- First tankōbon volume cover, featuring Kuroko Koumori

ムルシエラゴ (Murushierago)
- Genre: Action; Yuri;
- Written by: Yoshimurakana
- Published by: Square Enix
- English publisher: NA: Yen Press;
- Imprint: Young Gangan Comics
- Magazine: Young Gangan
- Original run: August 16, 2013 – present
- Volumes: 29

Murciélago Byproduct Araña
- Written by: Yoshimurakana
- Illustrated by: Shin Arakawa
- Published by: Square Enix
- Imprint: Young Gangan Comics
- Magazine: Manga Up!
- Original run: January 12, 2018 – June 26, 2020
- Volumes: 5
- Directed by: Takashi Naoya (chief); Matsuo Asami;
- Written by: Takashi Naoya
- Music by: Masanori Akita; Yūichi Tsuchiya;
- Studio: Satelight; Staple Entertainment;
- Licensed by: Sentai Filmworks
- Original run: January 2027 – scheduled
- Anime and manga portal

= Murciélago (manga) =

Japanese manga series

Murciélago (ムルシエラゴ, Murushierago) (Note: Stylized in all caps when written in Latin script) is a Japanese manga series written and illustrated by Yoshimurakana. It began serialization in Square Enix's seinen manga magazine Young Gangan in August 2013. An anime television series adaptation produced by Satelight and Staple Entertainment is set to premiere in January 2027.

==Synopsis==
Serial killer Kuroko Koumori is originally on death row after killing 715 people since childhood. However, since her hometown is overrun with crime, the government indefinitely stays her execution in exchange for her cooperation in hunting down and killing criminals the police fail to apprehend, to which Kuroko agrees.
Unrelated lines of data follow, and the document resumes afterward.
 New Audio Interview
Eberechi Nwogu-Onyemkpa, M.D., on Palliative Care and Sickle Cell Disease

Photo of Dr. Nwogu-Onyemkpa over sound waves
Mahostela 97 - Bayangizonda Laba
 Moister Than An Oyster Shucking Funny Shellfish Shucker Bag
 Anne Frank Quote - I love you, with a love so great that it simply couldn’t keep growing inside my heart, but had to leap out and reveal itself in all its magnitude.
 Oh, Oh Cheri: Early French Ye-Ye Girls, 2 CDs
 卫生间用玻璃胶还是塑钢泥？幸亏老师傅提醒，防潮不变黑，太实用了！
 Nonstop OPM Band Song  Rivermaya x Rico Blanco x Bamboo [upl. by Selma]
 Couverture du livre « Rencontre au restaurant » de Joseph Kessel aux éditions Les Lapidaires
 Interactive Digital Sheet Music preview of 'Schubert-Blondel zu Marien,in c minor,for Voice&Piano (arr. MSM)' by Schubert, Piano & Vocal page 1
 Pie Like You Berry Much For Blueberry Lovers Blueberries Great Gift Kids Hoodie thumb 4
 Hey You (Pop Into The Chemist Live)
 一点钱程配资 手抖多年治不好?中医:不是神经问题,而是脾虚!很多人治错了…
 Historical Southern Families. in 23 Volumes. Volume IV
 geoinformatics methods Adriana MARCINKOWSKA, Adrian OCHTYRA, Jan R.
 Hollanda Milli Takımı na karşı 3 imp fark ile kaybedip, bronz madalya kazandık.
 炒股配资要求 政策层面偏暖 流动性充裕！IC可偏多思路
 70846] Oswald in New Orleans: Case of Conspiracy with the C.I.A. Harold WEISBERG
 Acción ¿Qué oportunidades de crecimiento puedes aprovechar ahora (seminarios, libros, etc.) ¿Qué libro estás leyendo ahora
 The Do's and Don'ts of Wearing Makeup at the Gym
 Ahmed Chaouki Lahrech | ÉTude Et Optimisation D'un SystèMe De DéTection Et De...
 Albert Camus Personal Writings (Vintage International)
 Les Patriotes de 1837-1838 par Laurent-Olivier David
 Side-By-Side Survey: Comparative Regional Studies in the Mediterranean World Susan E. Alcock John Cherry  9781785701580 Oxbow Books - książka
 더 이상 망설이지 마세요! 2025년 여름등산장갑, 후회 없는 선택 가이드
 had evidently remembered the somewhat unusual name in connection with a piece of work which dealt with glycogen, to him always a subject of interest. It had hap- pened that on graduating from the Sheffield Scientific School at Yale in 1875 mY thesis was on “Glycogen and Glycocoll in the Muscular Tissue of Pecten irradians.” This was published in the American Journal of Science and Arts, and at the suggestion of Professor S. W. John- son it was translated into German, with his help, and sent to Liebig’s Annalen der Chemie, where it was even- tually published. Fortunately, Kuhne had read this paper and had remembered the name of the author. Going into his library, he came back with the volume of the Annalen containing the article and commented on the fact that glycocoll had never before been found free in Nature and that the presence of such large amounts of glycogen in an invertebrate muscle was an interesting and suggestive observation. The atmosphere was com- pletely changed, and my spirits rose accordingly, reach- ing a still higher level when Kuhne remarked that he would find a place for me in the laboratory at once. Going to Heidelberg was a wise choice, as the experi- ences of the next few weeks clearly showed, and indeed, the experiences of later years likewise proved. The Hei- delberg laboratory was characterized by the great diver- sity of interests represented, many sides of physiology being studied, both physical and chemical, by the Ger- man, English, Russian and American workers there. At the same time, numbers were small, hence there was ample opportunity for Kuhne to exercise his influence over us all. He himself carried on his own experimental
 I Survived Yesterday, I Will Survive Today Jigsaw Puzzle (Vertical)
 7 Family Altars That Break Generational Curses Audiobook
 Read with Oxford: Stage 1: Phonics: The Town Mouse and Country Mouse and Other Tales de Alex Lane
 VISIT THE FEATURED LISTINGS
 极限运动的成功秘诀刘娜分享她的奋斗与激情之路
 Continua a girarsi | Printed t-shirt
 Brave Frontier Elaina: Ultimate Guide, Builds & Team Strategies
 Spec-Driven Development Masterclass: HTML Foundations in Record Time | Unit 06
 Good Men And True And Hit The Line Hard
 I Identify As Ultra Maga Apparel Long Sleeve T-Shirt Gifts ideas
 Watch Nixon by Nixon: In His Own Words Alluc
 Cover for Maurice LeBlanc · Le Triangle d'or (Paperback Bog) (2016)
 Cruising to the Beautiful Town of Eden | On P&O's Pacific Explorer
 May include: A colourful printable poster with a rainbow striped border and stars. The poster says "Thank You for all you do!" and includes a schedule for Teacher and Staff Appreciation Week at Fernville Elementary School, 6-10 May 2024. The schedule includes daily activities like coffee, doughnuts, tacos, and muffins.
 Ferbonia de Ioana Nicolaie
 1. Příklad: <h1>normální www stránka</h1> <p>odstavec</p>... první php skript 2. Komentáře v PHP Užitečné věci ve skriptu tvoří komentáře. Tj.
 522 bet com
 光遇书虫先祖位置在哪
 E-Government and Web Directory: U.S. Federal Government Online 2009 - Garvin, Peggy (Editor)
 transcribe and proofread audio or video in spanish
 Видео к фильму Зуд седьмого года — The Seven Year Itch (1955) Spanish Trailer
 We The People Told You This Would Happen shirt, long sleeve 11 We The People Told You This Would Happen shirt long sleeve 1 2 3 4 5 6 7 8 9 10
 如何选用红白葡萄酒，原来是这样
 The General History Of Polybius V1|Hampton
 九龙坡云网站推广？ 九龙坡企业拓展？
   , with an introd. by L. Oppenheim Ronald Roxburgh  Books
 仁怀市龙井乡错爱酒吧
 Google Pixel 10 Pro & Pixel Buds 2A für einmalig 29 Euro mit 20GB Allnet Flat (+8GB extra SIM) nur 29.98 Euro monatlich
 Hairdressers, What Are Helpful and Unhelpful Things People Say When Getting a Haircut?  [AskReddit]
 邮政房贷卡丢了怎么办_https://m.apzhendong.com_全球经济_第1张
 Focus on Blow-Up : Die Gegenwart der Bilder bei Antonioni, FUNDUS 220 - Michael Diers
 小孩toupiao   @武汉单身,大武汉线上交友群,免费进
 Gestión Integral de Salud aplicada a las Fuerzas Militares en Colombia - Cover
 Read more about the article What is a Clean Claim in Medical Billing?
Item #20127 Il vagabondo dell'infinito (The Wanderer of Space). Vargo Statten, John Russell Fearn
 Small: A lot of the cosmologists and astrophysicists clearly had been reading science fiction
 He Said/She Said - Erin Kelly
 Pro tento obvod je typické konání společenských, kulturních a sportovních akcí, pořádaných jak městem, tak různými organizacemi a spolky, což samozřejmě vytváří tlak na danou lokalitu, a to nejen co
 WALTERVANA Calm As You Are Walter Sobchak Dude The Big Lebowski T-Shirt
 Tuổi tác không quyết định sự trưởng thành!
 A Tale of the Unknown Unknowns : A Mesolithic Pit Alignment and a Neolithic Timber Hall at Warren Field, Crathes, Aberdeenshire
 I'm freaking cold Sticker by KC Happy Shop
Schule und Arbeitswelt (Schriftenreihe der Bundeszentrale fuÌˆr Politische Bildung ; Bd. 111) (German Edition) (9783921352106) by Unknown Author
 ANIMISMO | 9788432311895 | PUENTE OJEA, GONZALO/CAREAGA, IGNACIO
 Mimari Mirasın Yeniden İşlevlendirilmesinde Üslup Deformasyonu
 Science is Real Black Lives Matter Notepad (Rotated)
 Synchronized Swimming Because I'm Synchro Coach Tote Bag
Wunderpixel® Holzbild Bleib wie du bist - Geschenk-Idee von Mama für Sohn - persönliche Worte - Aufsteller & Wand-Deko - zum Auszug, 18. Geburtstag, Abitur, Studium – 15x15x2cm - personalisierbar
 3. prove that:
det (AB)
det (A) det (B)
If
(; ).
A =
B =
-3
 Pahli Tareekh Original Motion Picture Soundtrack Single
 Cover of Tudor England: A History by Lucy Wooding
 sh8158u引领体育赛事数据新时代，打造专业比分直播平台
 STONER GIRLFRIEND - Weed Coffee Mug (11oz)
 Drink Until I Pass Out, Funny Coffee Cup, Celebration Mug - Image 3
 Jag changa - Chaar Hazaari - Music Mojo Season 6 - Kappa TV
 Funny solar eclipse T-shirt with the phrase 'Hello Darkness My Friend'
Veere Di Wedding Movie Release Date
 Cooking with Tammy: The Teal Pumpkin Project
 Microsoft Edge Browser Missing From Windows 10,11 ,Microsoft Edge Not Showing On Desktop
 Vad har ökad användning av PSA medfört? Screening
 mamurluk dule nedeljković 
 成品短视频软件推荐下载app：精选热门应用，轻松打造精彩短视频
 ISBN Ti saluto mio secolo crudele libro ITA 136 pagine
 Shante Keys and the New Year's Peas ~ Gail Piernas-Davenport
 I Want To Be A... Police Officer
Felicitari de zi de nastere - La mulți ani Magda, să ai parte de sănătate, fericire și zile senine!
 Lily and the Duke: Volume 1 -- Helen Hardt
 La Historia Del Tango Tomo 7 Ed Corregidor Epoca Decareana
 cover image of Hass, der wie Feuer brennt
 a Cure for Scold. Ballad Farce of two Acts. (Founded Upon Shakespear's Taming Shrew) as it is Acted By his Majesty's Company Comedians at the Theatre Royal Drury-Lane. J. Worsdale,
She is accompanied by Hinako Tozakura, a driving expert; and Chiyo Yanaoka, daughter of a notorious yakuza boss.

==Media==
===Manga===
Written and illustrated by Yoshimurakana, Murciélago began serialization in Square Enix's seinen manga magazine Young Gangan on August 16, 2013. The series' chapters have been compiled into twenty-nine tankōbon volumes as of July 2026.

During their Anime Expo 2016 panel, Yen Press announced that they licensed the series for English publication.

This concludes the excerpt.